Si vous chercher Pedros aller près des restos mais de grâce laissé ce pauvre oiseaux tranquille!! J’ai vue des Allemand lui tiré les plume p.c.q. ils voulaient prendre une photo avec lui. Ce n’est pas un figurant prenez la photo qu’il vous offre et n’insister pas trop!!! Un peu d’indulgence pour cet animal!!!
Encore une fois perdez-vous dans le dédale des petite rues c’est magnifique!!! D’une propreté éblouissante ces maisons blanches au volet bleu, rouge et agrémenté de fleurs sont l’endroit idéal pour s’arrêterez et juste contempler. A vos caméras et surtout n’oubliez pas la pile et la carte de rechange!!!
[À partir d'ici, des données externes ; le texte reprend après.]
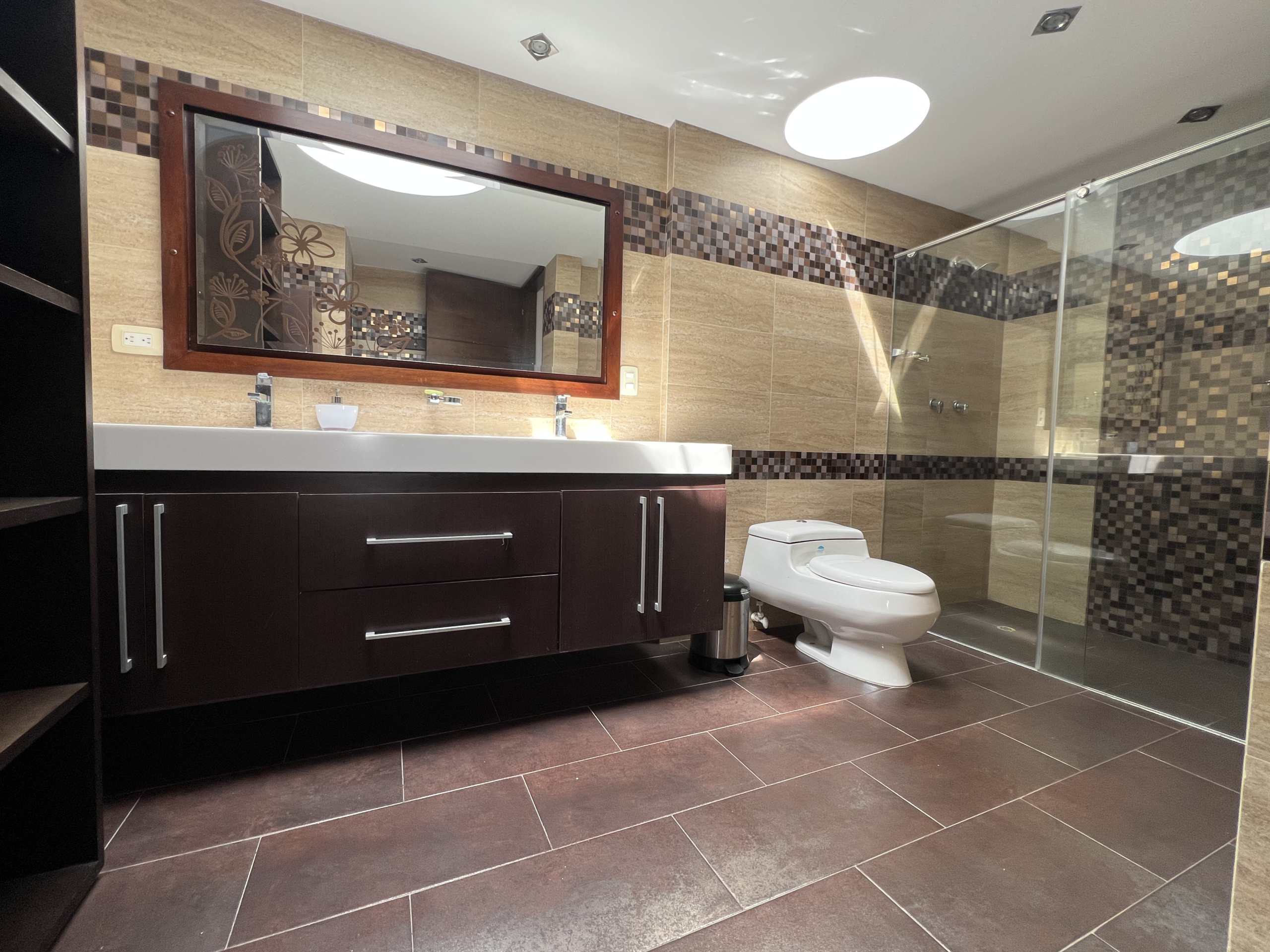 5EF76DD9-8B0B-4C30-BAEE-812EC5786A19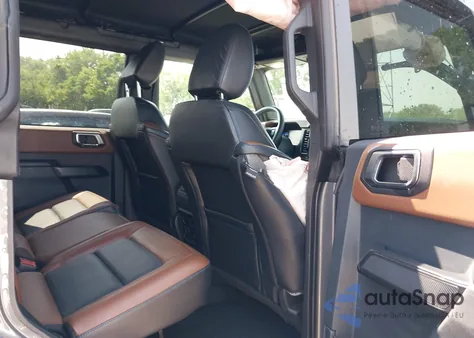 2024 Ford Bronco Outer Banks z USA, uszkodzony, nr VIN 1FMDE8BH5RLA23348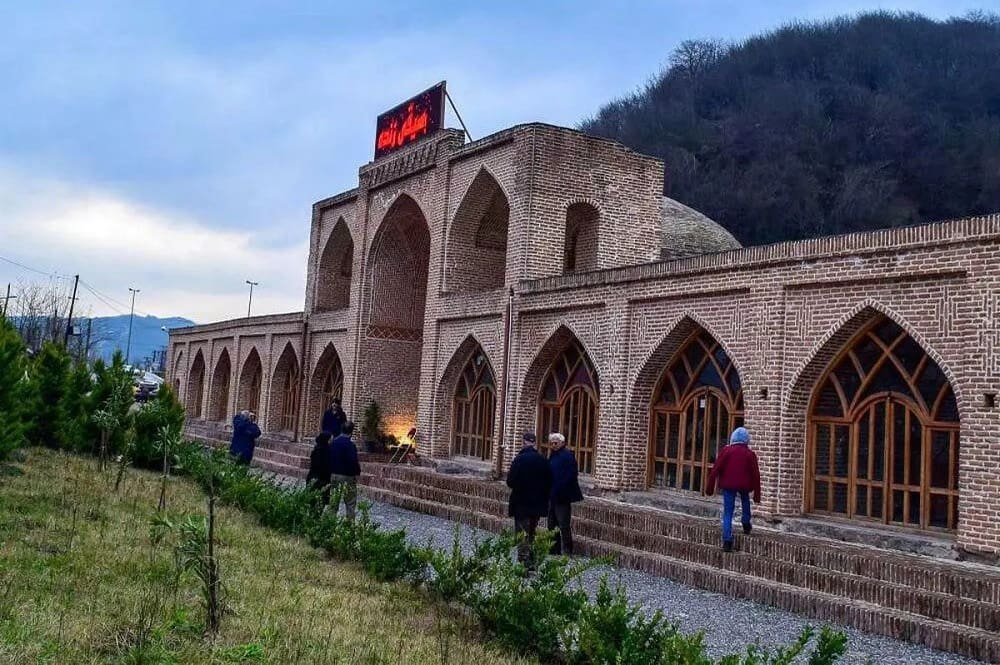 نمایی از کاروانسرای شاه عباسی لات رشت در غروب
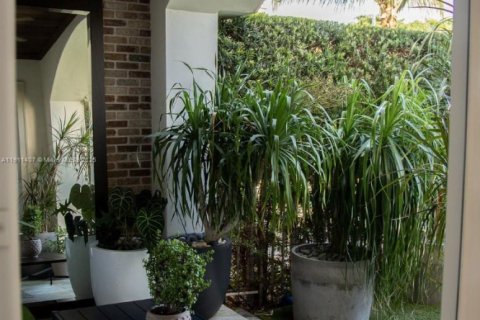 Touwnhouse à vendre à Coral Gables, Floride: 4 chambres, 320.61 m2 № 1969048 - photo 8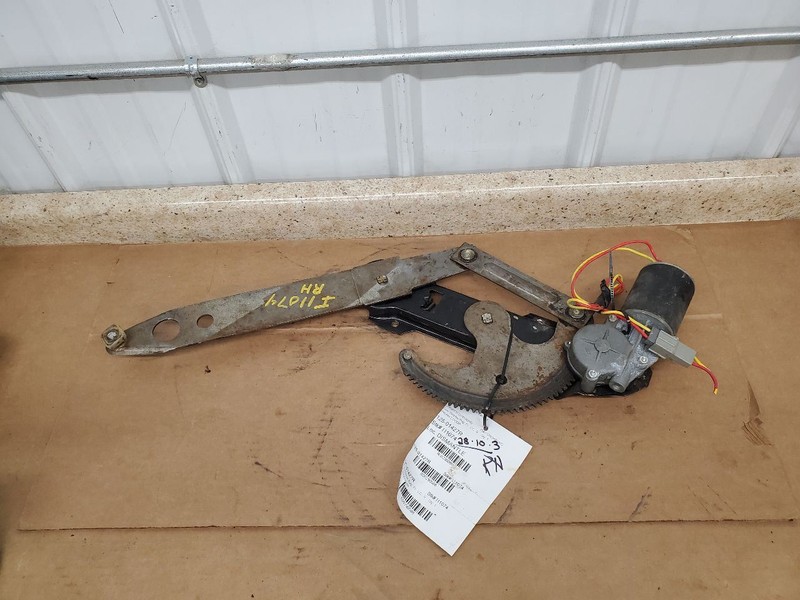Passenger Right Front Window Regulator 2 Door Fits 79-87 GRAND MARQUIS 290086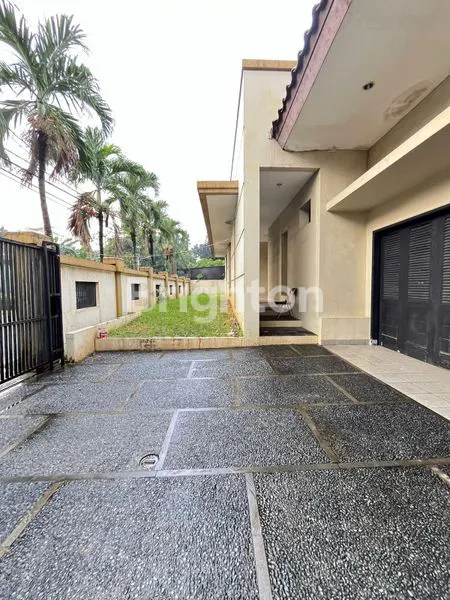 image DIJUAL RUMAH MEWAH DI CIBUBUR JAKARTA TIMUR (5)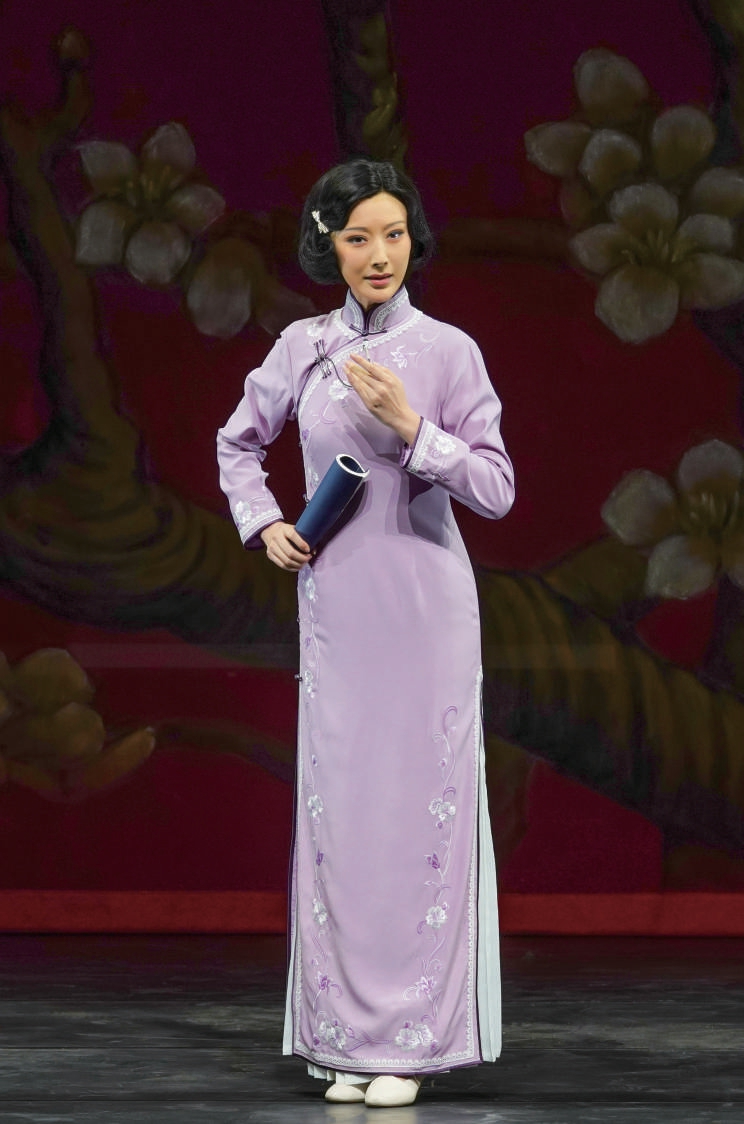 新编现代京剧《石评梅》圆满首演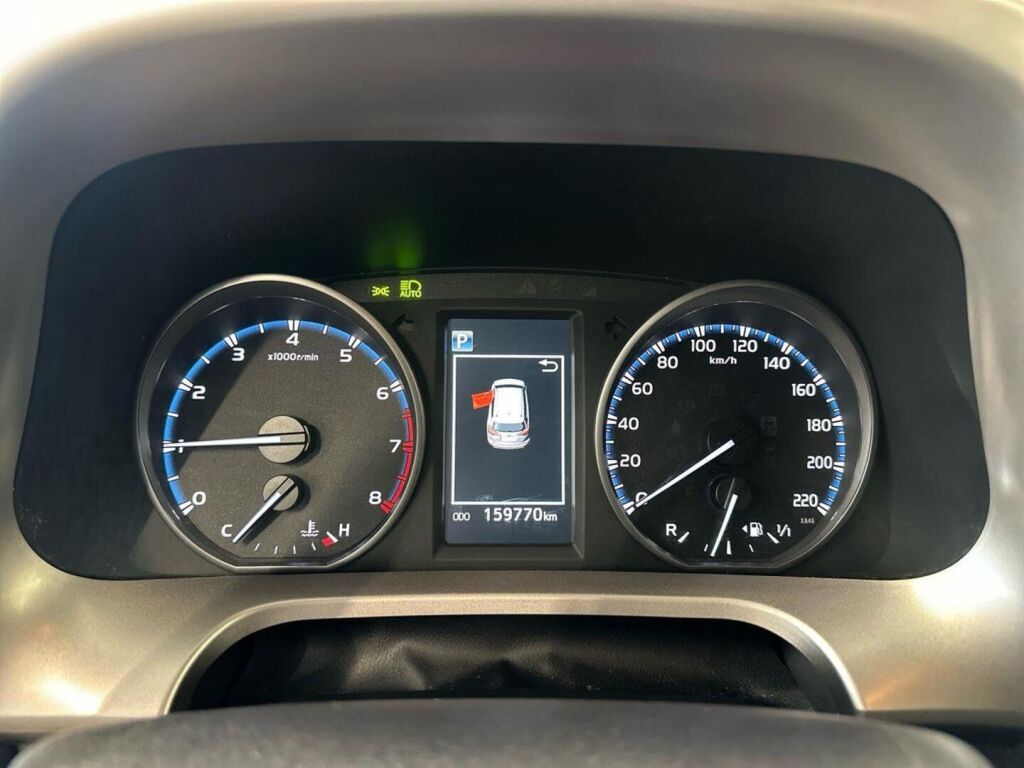 Toyota RAV4 2017 Valkoinen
Pour voir les moulins à vent pas très compliqué aller du côté de la mer!!! Ils sont tout près de la petite Venise à côté des restos avec terrasse en bord de mer. Ne vous inquiétez pas Mykonos est pas très grand (en tout cas la zone touristique) et vous aurez le temps de vous balader, de voir Pedros, les moulins et même de casser la croute!!! Suivez la foule!!
Rhodes;
Les remparts se trouve a moins de 10 minutes à pied du navire (vous les voyez très bien du navire pour vous situer) vous aurez amplement de temps pour faire les boutiques et vous arrêter dans l’un des restos (nous n’avons pris qu’un verre). Le château avec ses tours à voir absolument de l’extérieur, l’intérieur est payant (nous n’avons pas fait). Ensuite perdez-vous dans les petite rues à l’intérieur des remparts et laisser vous remonter dans le temps des chevaliers.
Santorin et Oia;
Premièrement ce qui est bon à savoir c’est que le débarquement du navire ce fait a l’aide de petit bateau et premier arriver = premier servie. Je vous conseille de vous lever très tôt et aller chercher votre billet pour débarquer. Profiter du téléphérique avant la foule sinon vous aller perdre du temps fou en ligne à attendre. Idem pour votre retour nous avons attendu 1h30 à 2h pour redescendre ne pas faire la gaffe de ne pas prévoir ce temps pour votre retour sinon il vous reste que le chemin avec les ânes!!!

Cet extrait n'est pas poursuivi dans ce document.